I followed “Dick” into the rest of Kraus’s work, which is nothing if not a bright map of presence. Her books all traverse similar narrative terrain from different angles—a female artist’s frustrated career arc, her childless and nomadic marriage. In some of these books, the artist is named Chris Kraus (“I Love Dick,” “Aliens & Anorexia”); other times, she is named Sylvie (“Torpor”) or Catt (“Summer of Hate”). Sometimes, her story is narrated in the first-person; other times, in the third. Sometimes, her husband is named Sylvere Lotringer (the theorist to whom Kraus was once married, and with whom she co-runs Semiotext(e), the press that releases all her books); other times, the husband is named Jerome or Michele. Their little dachshund is always Lily.

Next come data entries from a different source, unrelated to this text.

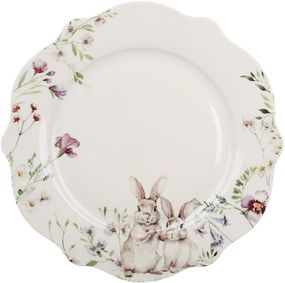 Тарілки порцелянові "Spring Story", набір 4 тарілки Ø27см
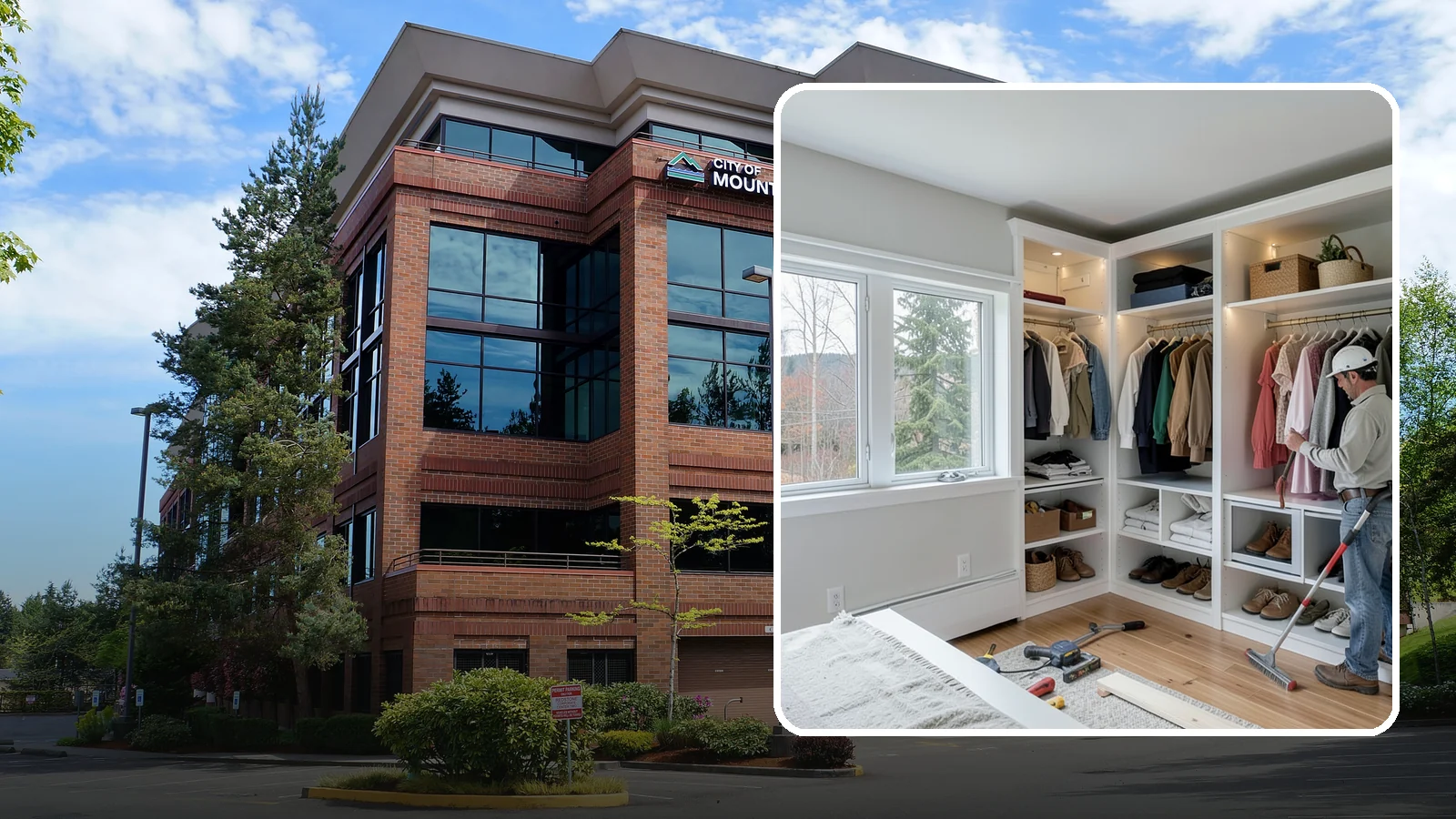 Custom Closet Construction in Mountlake Terrace, Snohomish County, WA - We build fully custom closets tailored to your wardrobe, your space, and how you actually live.
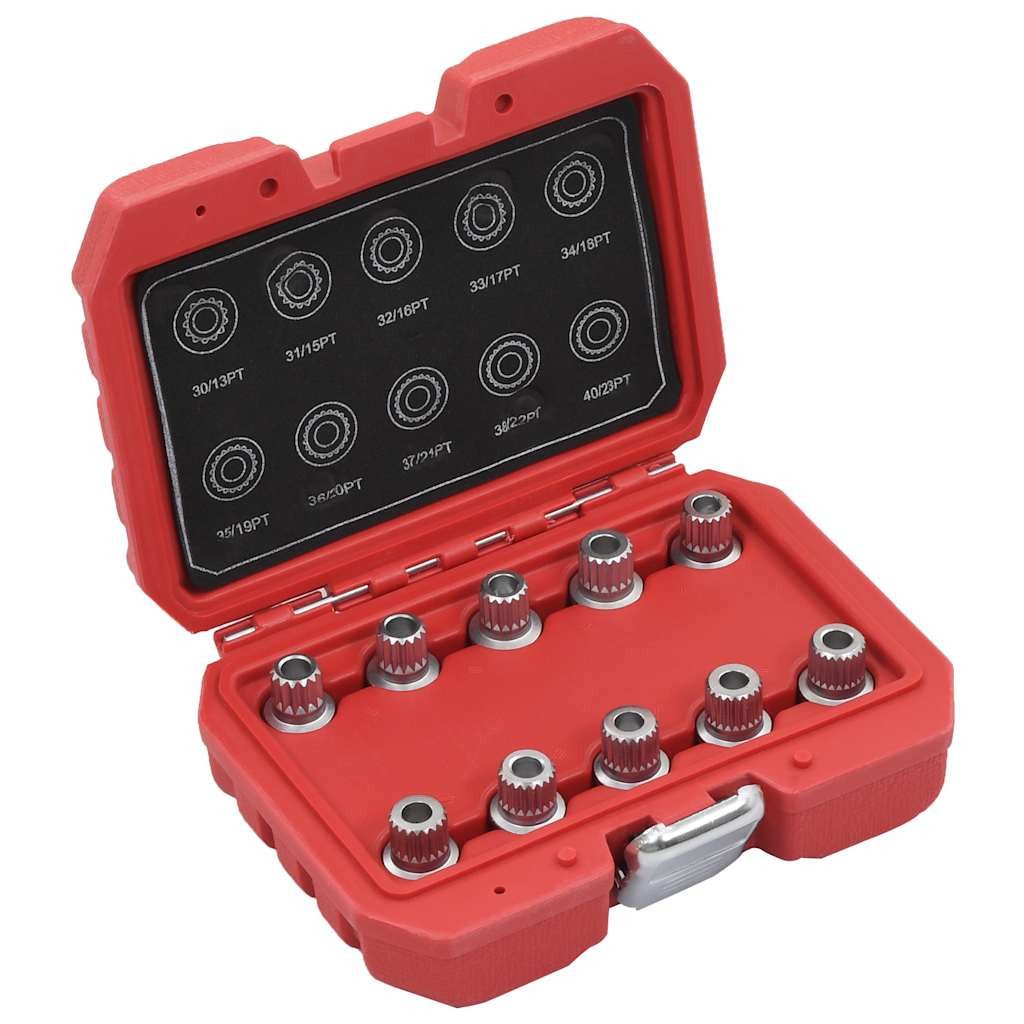 vidaXL Werkzeugset 10-tlg. Radmuttern-Set Felgenschloss für BMW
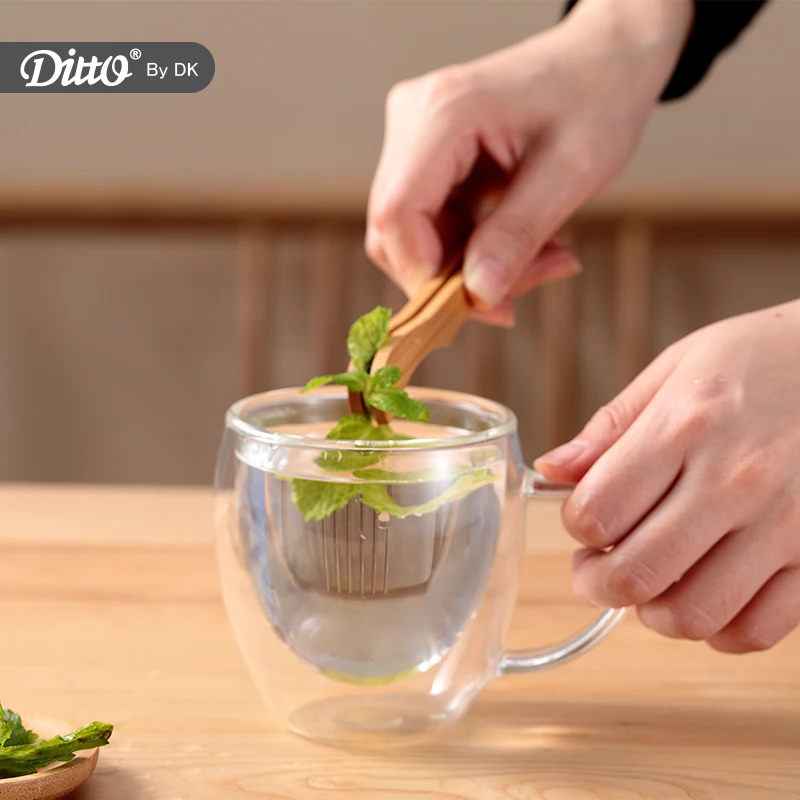 Fancy Cheap Personalized Insulated Pyrex Clear Double Wall Glass Espresso Cups Mug with Handle Glass Coffee cup in glass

Key plot points recur: an artist who considers herself a failed experimental filmmaker is married to an older cultural theorist, a professor at Columbia; they move between country houses that they rent out for extra money (“It was a profitable scheme, but consequently, the pair are homeless”); the husband has a daughter from his first marriage, but the couple never has children together (they have abortions instead); at a certain point, the female character leaves, moves across the country to Los Angeles, gets involved in the art scene, gets obsessed with Dick, gets involved in S & M, has a lot of anonymous sex: “Giving blowjobs in the parking lot behind the House of Pies, finger-fucking on a stranger’s couch, she is amazed by how completely sex annihilates the need for context.”
Kraus’s entire body of work betrays an abiding obsession with context; one can easily imagine the desire to escape it. Her books return to the same dynamics over and over—romantic abjection, ambiguous and often frustrating intimacies, artistic devotion and ambition, social communion and alienation—in order to explore them in multiple and overlapping contexts: artistic, spiritual, domestic, private, public, historical, political, economic. They are versions of one central drama: a female consciousness struggling to live a meaningful life.